THE PROBLEM »
Although the entries contain pictures, the copy should hold only their exact text.

***

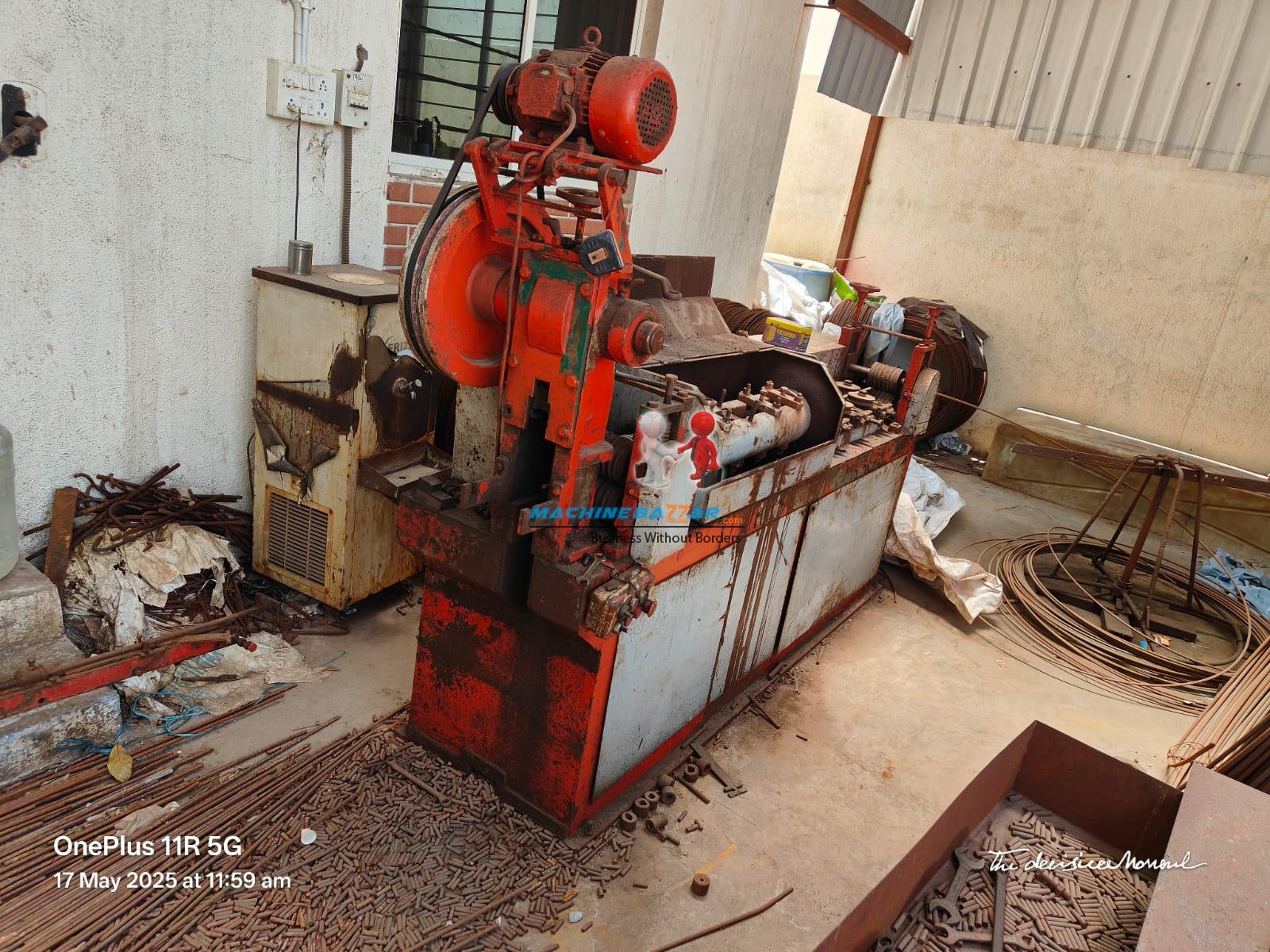 M14 WIRE STRAIGHTENERS AND WIRE CUTTING MACHINE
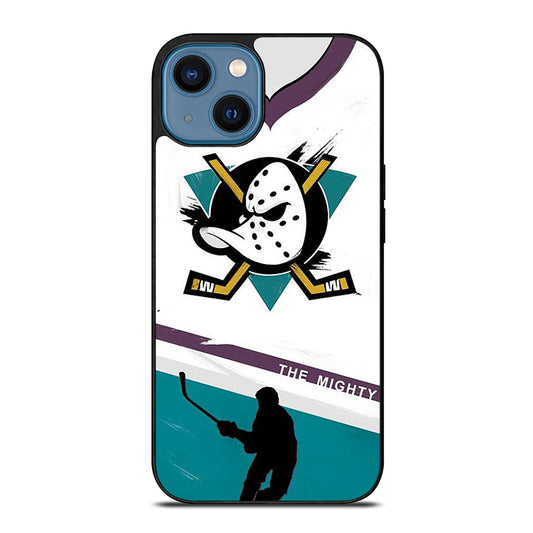 ANAHEIM DUCKS JERSEY iPhone 14 Case Cover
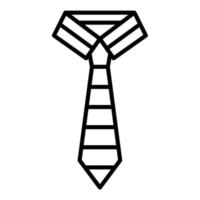 Tie Line Icon vector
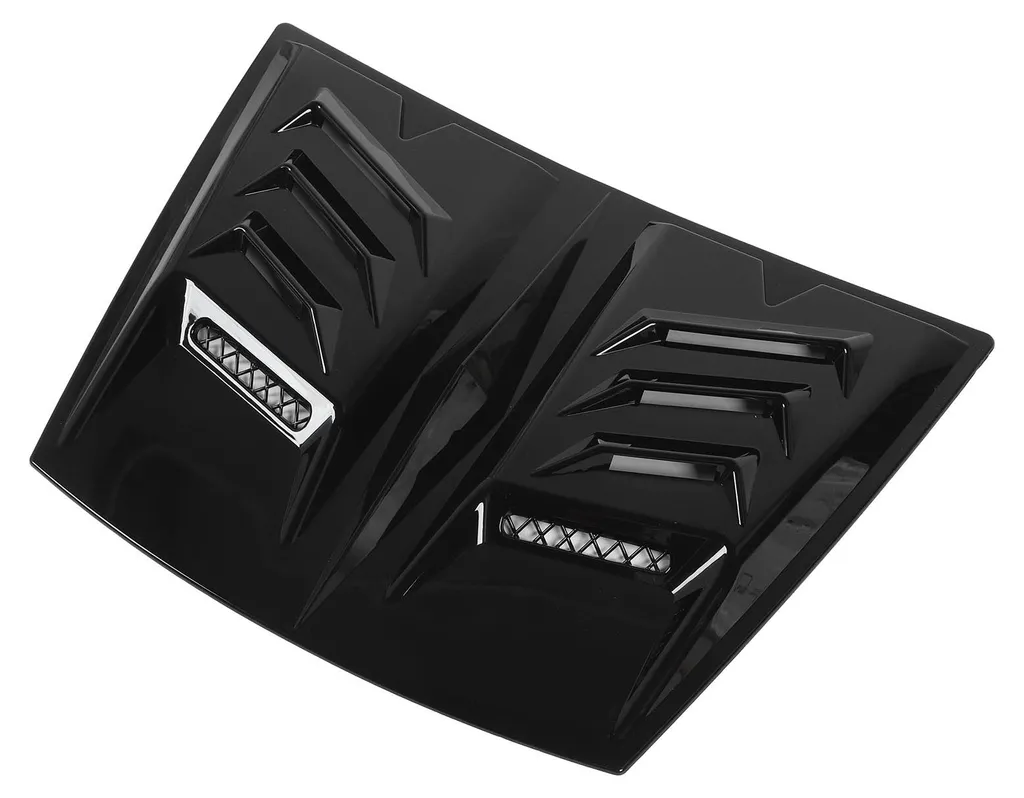 Cache de ventilation capot noir brillant pour BMW Série 1 E90 E91
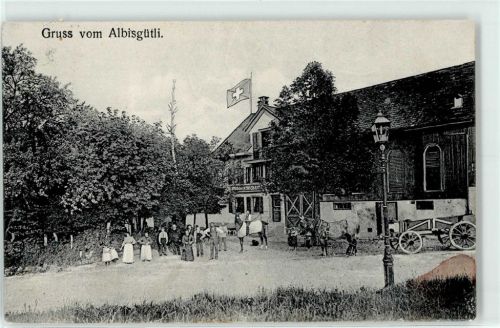 8000 Zürich 1911 - Gasthaus Albisgütli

***

YOUR SOLUTION »
 M14 WIRE STRAIGHTENERS AND WIRE CUTTING MACHINE
 ANAHEIM DUCKS JERSEY iPhone 14 Case Cover
 Tie Line Icon vector
 Cache de ventilation capot noir brillant pour BMW Série 1 E90 E91
 8000 Zürich 1911 - Gasthaus Albisgütli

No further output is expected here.